Back in the early days of computers you could own (aka personal computers) it wasn’t point and click, but hunt and peck, where commands in the early operating systems (DOS, etc.) had to be typed onto the command line using a keyboard. The interfaces were far from intuitive, to say the least, and the unexpected was always expected. When things went south software designers quickly learned to say “That’s not a bug, thats a feature ! ”
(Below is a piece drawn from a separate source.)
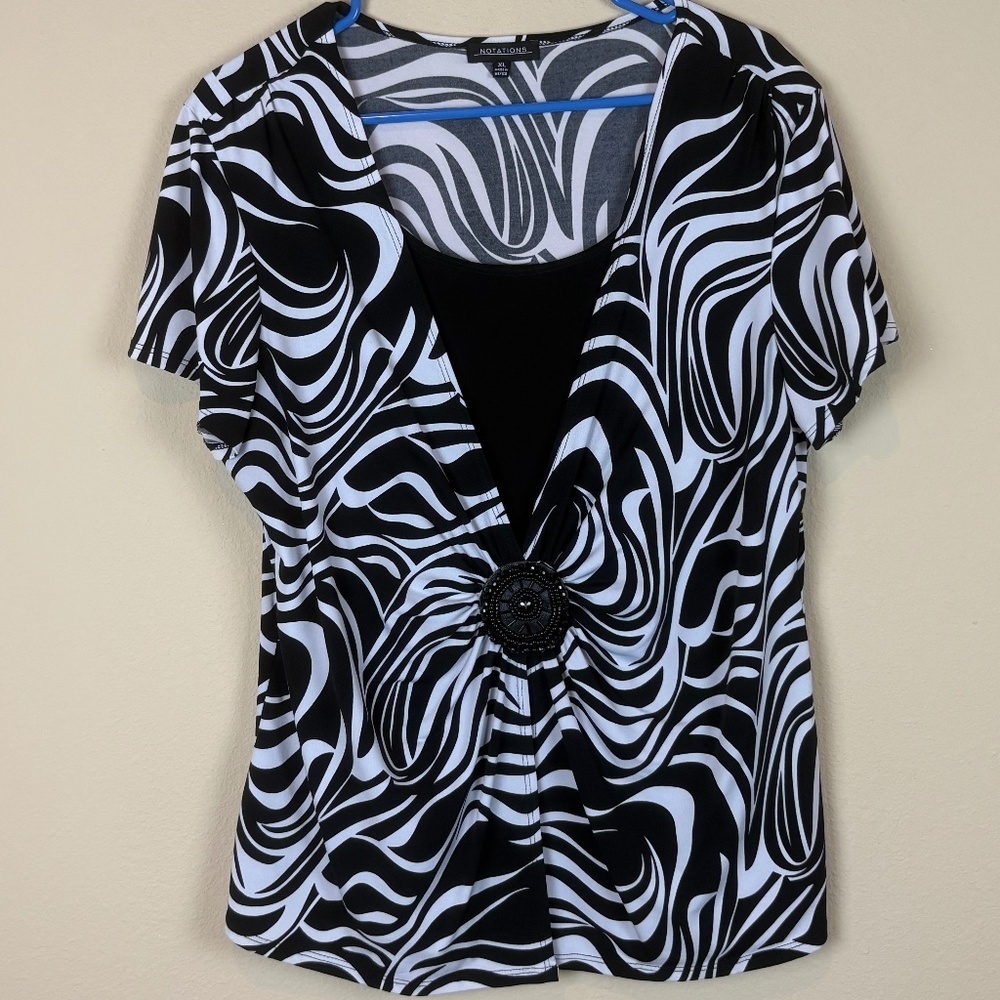 Notations Black/White Zebra Print Stretch Pullover Blouse w/ Built In Cami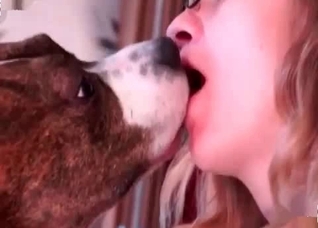 Sweet retriever drills her vagina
Essentially the same thing has happened to the latest and greatest tool in genetic engineering, the CRISPR system. It’s fascinating that it has been hiding in plain sight for FOUR decades. In med school in the mid60s the basic book about hereditary and DNA was “Sexuality and the Genetics of Bacteria” (1961) by Francois Jacob. No one had any idea that DNA would be sequenced. Viruses were studied (called bacteriophages back then).
No one had any idea that bacteria could defend themselves against viruses, but defend they do by their CRISPR system. It’s only been known for a decade, earlier papers on the subject by 3 different authors Mojica, Gilles Vergnaud, Alexander Bolotin were rejected before eventual publication.
Briefly, when a bacterium is infected by a virus, it makes a copy of fragments of its DNA, and pastes it into its genome. On subsequent invasions, it uses the DNA copy to make RNA, which along with a complex enzyme binds to the genome of the new organism, and destroys it.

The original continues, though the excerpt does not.